Monday, April 18, 2011

Feedback: Game 5 in Dunedin

Since I knew that I would be spending several consecutive days singing for teams on the Gulf Coast, I had anchored in a hotel near Sarasota to allow for easy commutes to Fort Myers, Bradenton, and Tampa.  However, rather than remaining in the area for the next game in nearby Dunedin, I returned to DeLand after the Tampa game so that I could pick up Don Musser to join me for the Blue Jays’ game the following night.  I know that doesn’t make geographical sense since it required more than 300 extra-miles of driving. But it scores in baseball and personal terms because it shares a day-long road trip and a game with a close friend. 
Don and I left DeLand at noon, heading across state on blue highways toward Dunedin. We anticipated an intermediate stop in the community of Wesley Chapel where Don wanted to pick up some unique hibiscus hybrids that he had ordered a few days earlier. 

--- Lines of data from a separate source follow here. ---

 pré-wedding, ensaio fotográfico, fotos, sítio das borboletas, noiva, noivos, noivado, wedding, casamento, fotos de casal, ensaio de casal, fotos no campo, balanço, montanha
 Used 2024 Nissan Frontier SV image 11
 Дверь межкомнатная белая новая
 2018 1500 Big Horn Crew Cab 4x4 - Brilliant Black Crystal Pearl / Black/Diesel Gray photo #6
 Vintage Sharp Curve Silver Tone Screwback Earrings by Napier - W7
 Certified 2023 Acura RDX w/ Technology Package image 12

Don with one of the hibiscus blooms that he often takes to his mother in a nursing home.

Driving along Route 44 as we approached Cassia, we crossed the headwaters of Black Water Creek.  Several years ago on a cold, rainy, windy January morning, Bill Flowers, the senior naturalist of the St. John’s River and its tributaries, had taken Don and me fishing in the Creek near its mouth miles south at the Wekiva River. 

Black Water Creek along Route 44 near Cassia, Florida.

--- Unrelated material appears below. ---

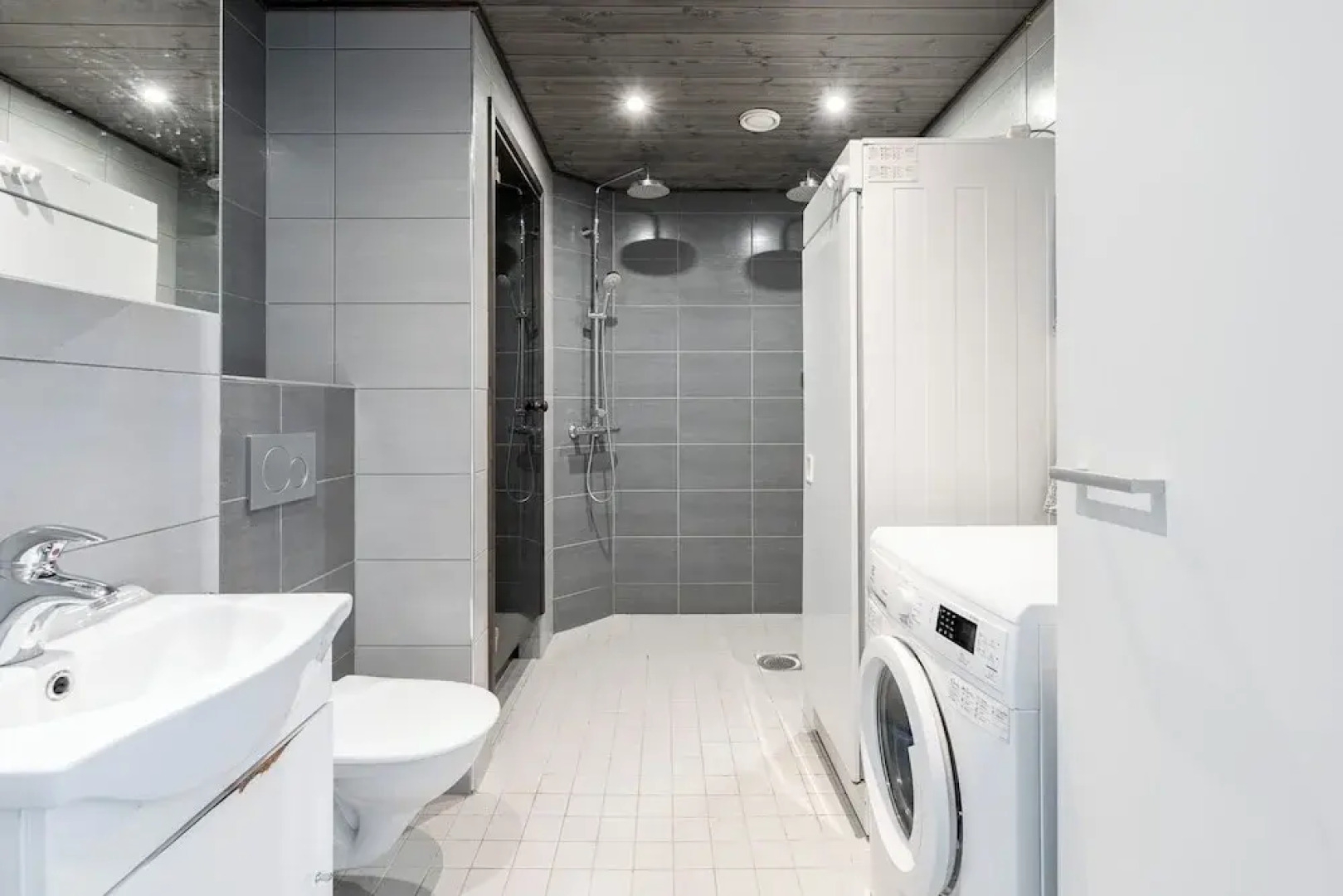 Peaceful 2BR Getaway Cabin at Riihivuori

When Don and I crossed the bridge over the Creek, we recalled how the boat ride with Bill that day had made the experience so memorable.  For one thing, as Bill paddled us up the nearly impassible Black Water, we often had to crouch into the bottom of the boat to avoid low-hanging branches while we alternately had to rise and shove the hull away from submerged stumps.  We didn’t mind ducking since the hull of the small boat momentarily provided a baffle to the wind.  Even more distinct than our dodging obstacles in the swollen water was the incredible cold that we experienced as Bill had motored down the river to get to Black Water.  I am not sure that I have ever been colder, even in the sub-zero temperatures intensified by gusting winds off Lake Michigan as I walked home from classes when I had been a student at The University of Chicago.  Despite the horrible conditions that January day on the water, we managed to lure several keepers into the boat, thanks, I am sure, to Bill enticing the bass with promises of warmth.  We were too cold to bait our hooks, making wiry Bill unglove to hook the shiners.  And truth be told, we were too cold even to care to take photographs of our remarkable catch. 

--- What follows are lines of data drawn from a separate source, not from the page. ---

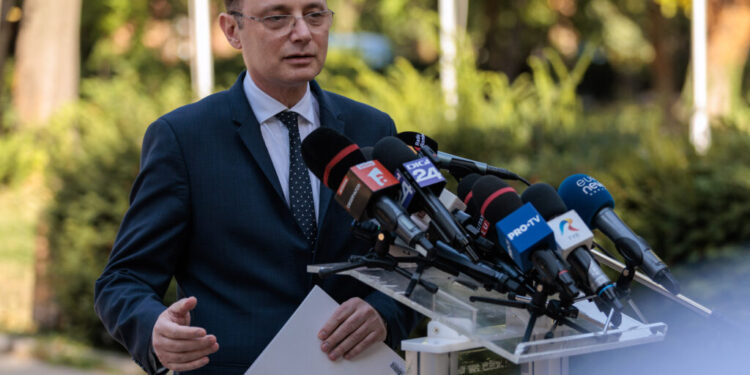 luca-niculescu-negociaza-si-cu-grupul-parlamentar-al-lui-victor-ponta,-dar-si-cu-„grupul-suveranist”-pace-–-intai-romania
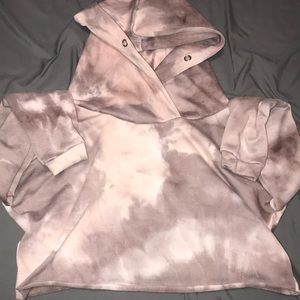 Tie Dye Crop Sweatshirt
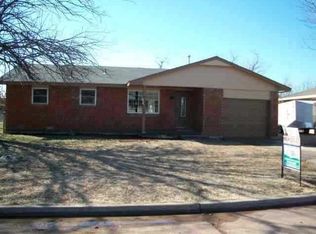 157 SW 68th St, Lawton, OK 73505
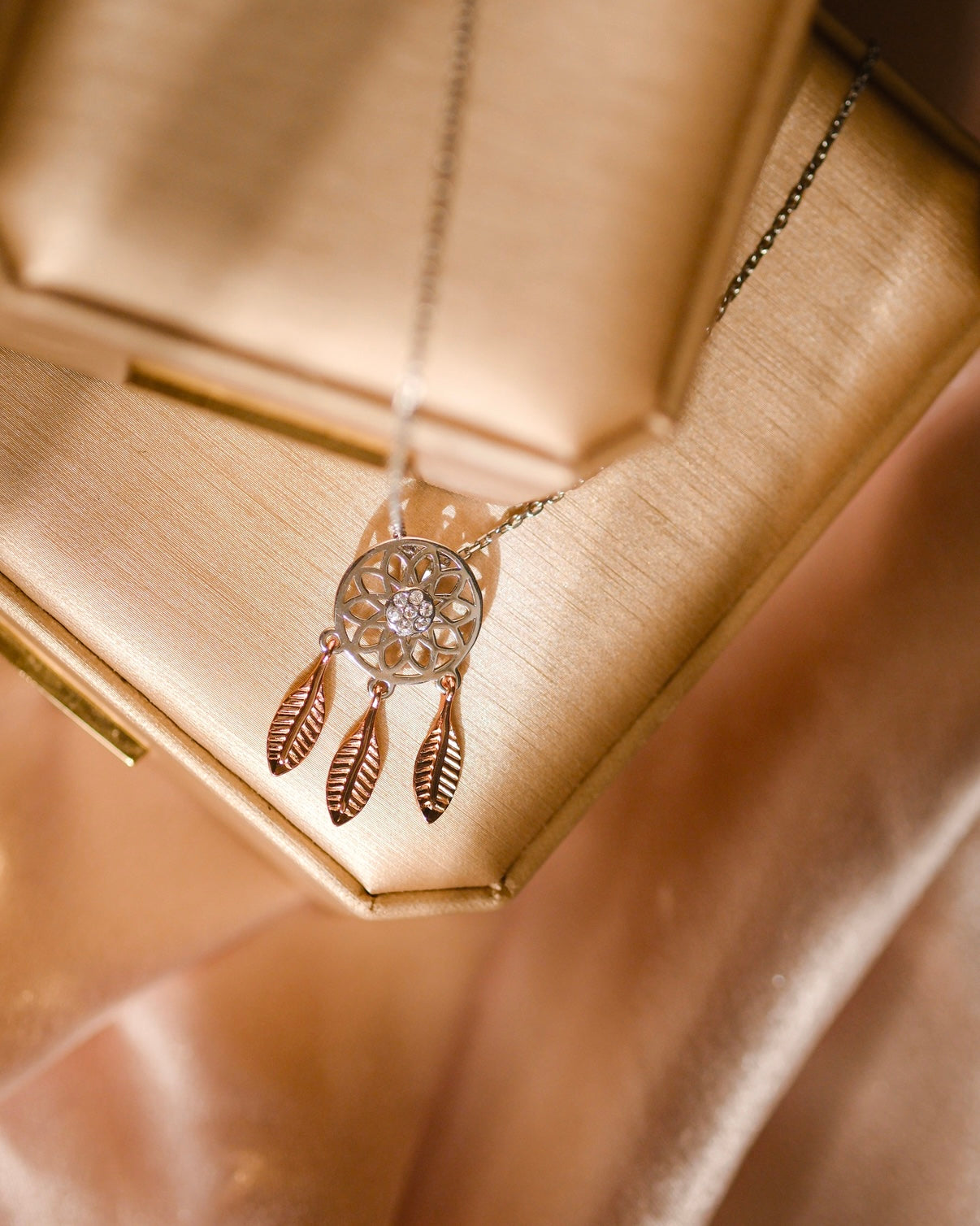 Dream catcher necklace: plated with 18k gold beauty of memory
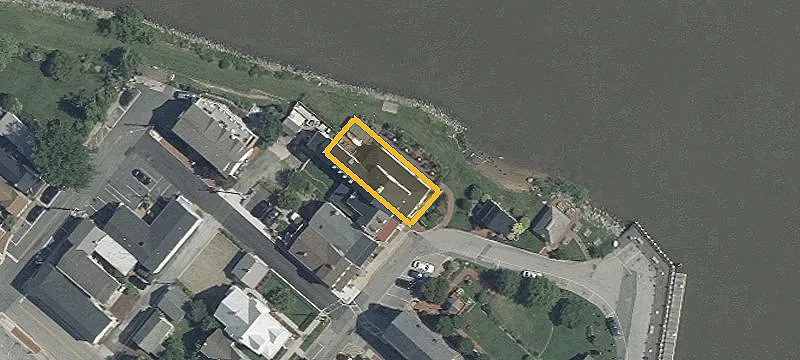 11 Bohemia Ave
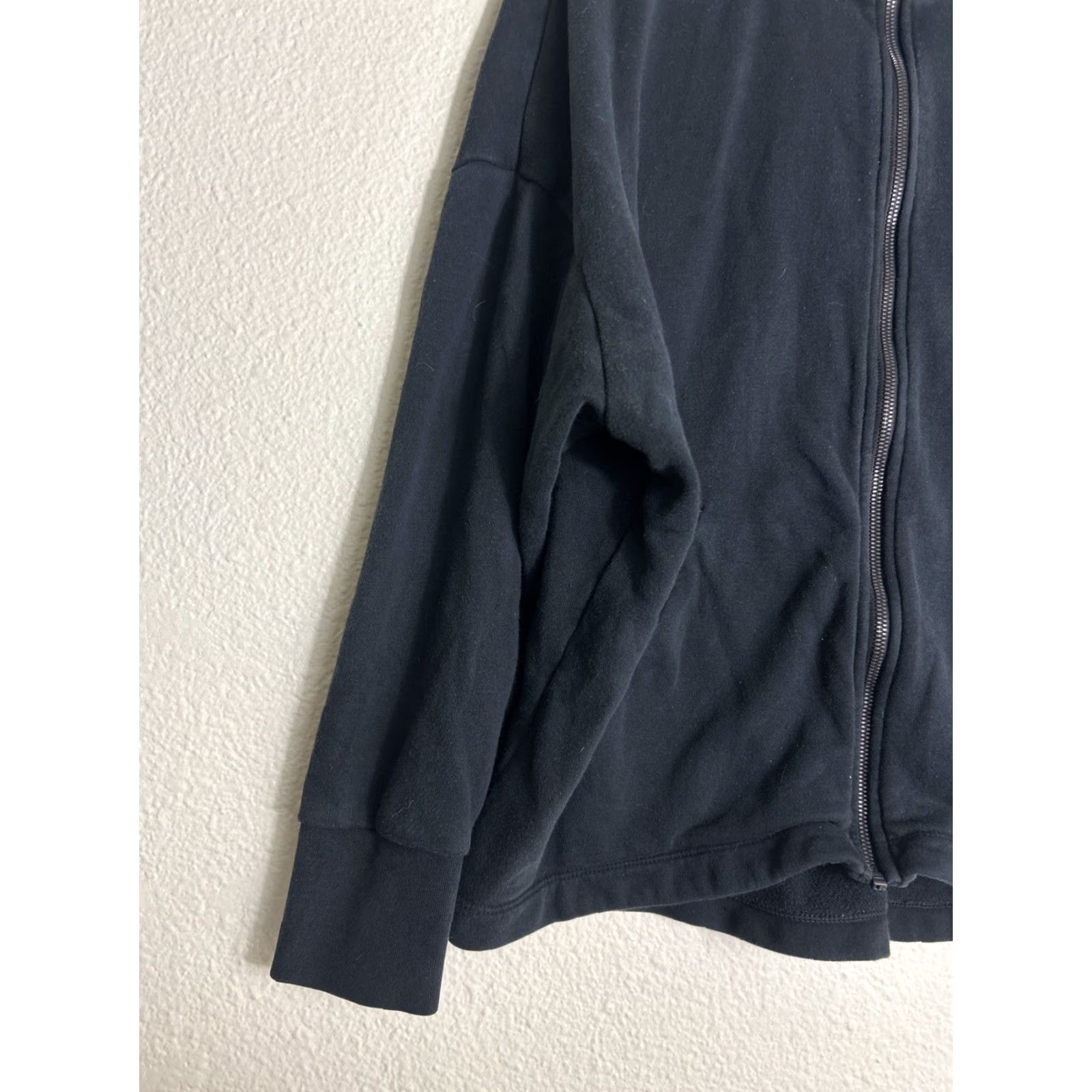 Nike Nike Sportswear Jacket Womens XS Black Full Zip Pockets Solid 90s Modern Sports Running Casual Short Mid-Length Size XS / US 0-2 / IT 36-38 - 2 Thumbnail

When I walked onto the field at the Dunedin ballpark a couple of minutes before singing the anthem, two fans in the front row behind the backstop greeted me.  John Price and his brother-in-law Rick Miller had been at the Tampa game the previous night, and they expressed appreciation for my rendition as well as encouragement for the tour.  Hearing them, Don immediately cackled and said that I had a groupie following!  But John’s wife Gail protested, joking that they really weren’t stalking me.  The Prices are from Chattanooga and hoped that I would be singing there for the Lookouts while I’m touring through the area.  Regrettably, the Lookouts were among the twenty minor league teams that never responded to any of my queries.
At Dunedin, the sound system suffers from about a half-second delay.  Thankfully, Morgan Bell, the Dunedin Blue Jays Coordinator for Community Relations, had alerted me to the need for ear plugs.  Indeed they were helpful, although during the anthem as I heard the muffled feedback, I recalled the advice: “Whatever you do, don’t listen.  Keep going!”  Try as I might, however, I couldn't suppress the sound of the feedback.  When I finished and moved toward the stands, one of the visiting Tigers' roving instructors standing near me commented, “How did you do that?”  Then he saw me remove the ear plugs, and said, “Now I see!”
Dunedin won its first game of the season that night, beating the Lakeland Flying Tigers 6-5, and Morgan gave me partial credit for inspiring the team.  If only that were true!
Dunedin's "Wall of Fame" of its former players who made it to "The Show."
Having enjoyed the memories of fishing together, the promise of bountiful hibuscus blooms, and good old fun at the ballpark, Don and I spent much of the 150 mile ride back to DeLand in silence, the kind of silence that only two old friends can enjoy: “The less said, the more,” in the words of Duffy House, the retired sportswriter-detective in Crabbe Evers’ Bleeding Dodger Blue.